Pictures with short captions:
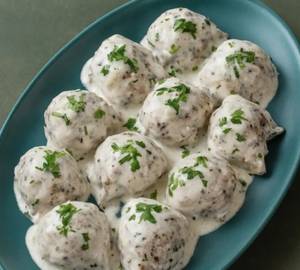 Malai momos 8 pcs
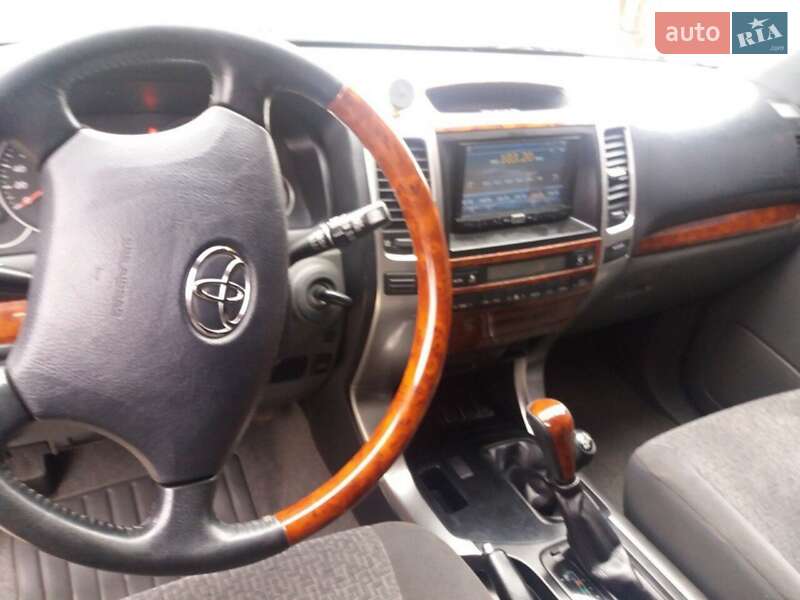 Внедорожник / Кроссовер Toyota Land Cruiser Prado 2007 в Черновцах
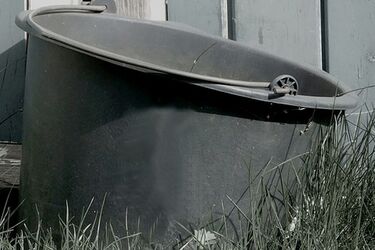 Zawartość szamba doprowadziła go prosto przed sąd. A chciał tylko się jej pozbyć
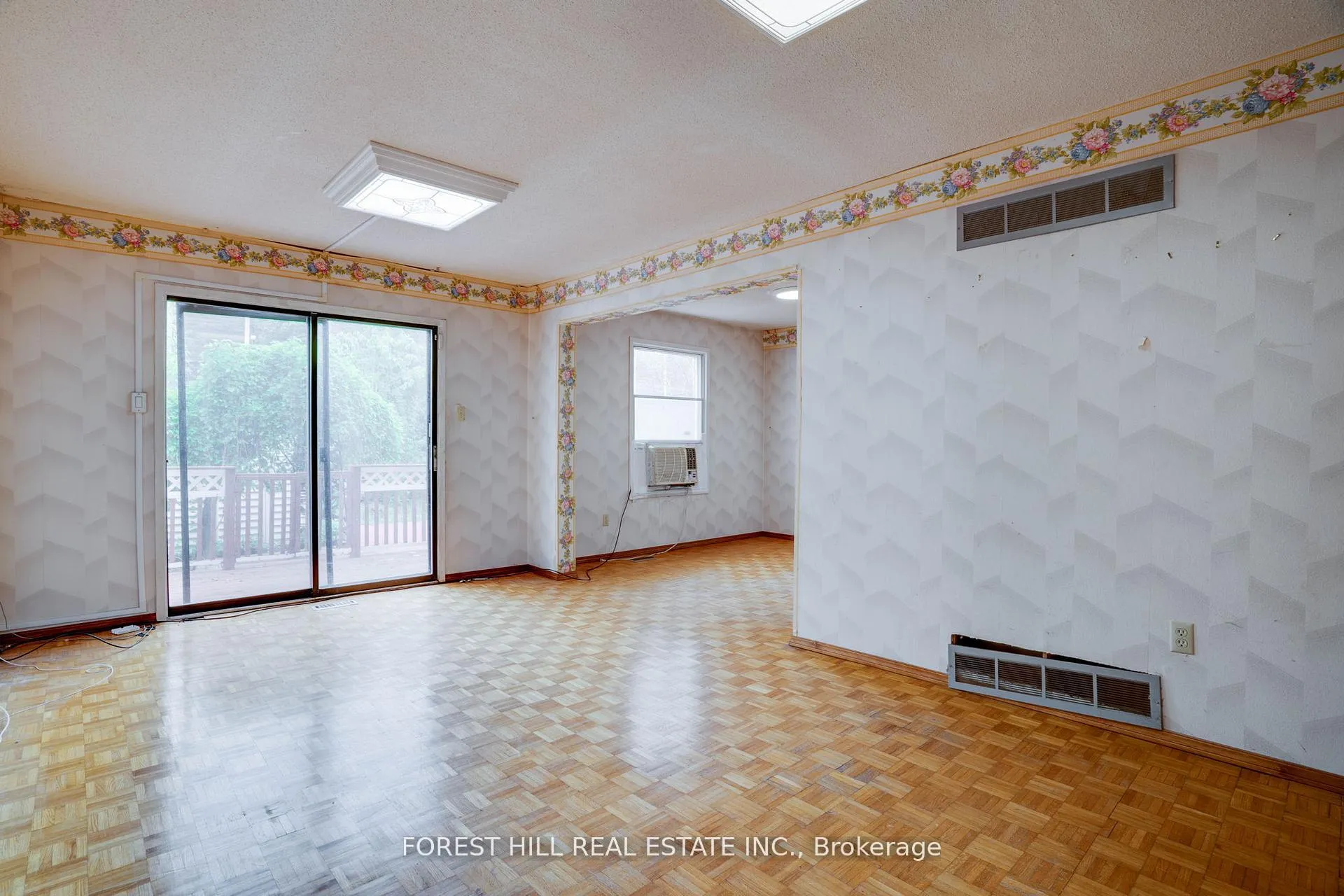 Photo 9 of 82 Hord Crescent, Vaughan, Lakeview Estates — HOMEH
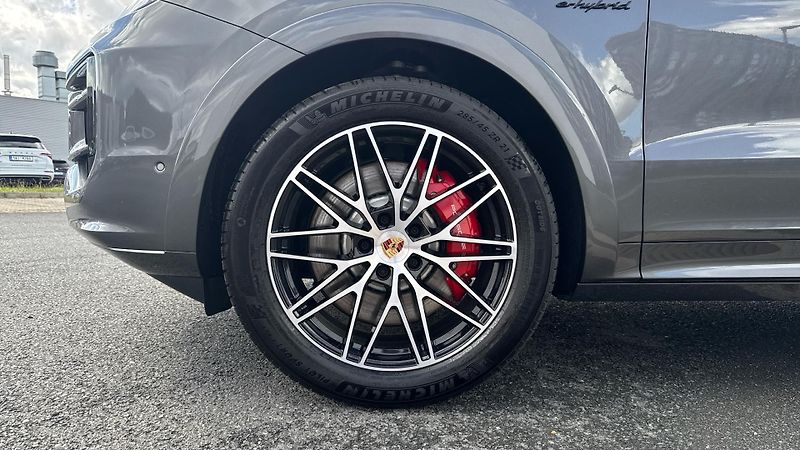 Porsche Cayenne S E-Hybrid - fotka 9 z 30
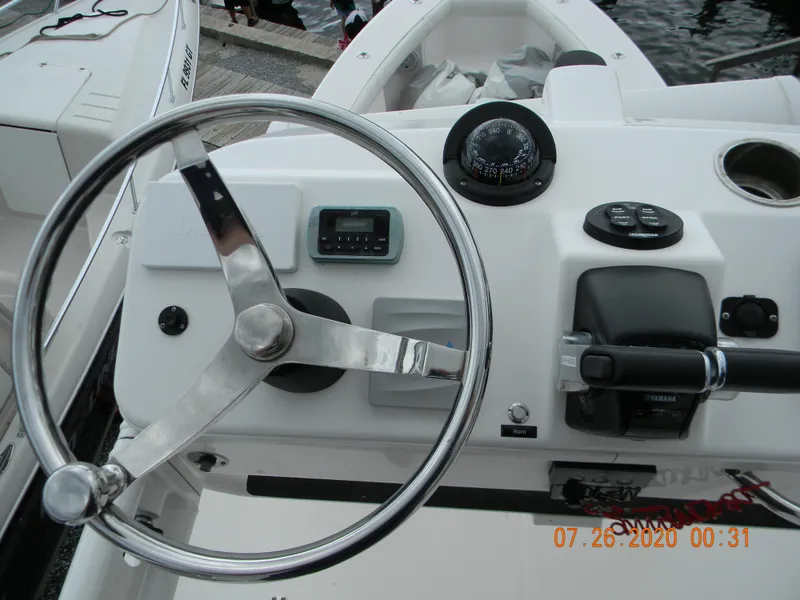 Slide: The Image of Everglades 355 Center Console 2015 - 8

**Exercise instructions:** Your output should consist solely of the lines from the line containing "Внедорожник / Кроссовер" through the end of the data above, copied exactly, with images removed.

**Solution to this task:**
 Внедорожник / Кроссовер Toyota Land Cruiser Prado 2007 в Черновцах
 Zawartość szamba doprowadziła go prosto przed sąd. A chciał tylko się jej pozbyć
 Photo 9 of 82 Hord Crescent, Vaughan, Lakeview Estates — HOMEH
 Porsche Cayenne S E-Hybrid - fotka 9 z 30
 Slide: The Image of Everglades 355 Center Console 2015 - 8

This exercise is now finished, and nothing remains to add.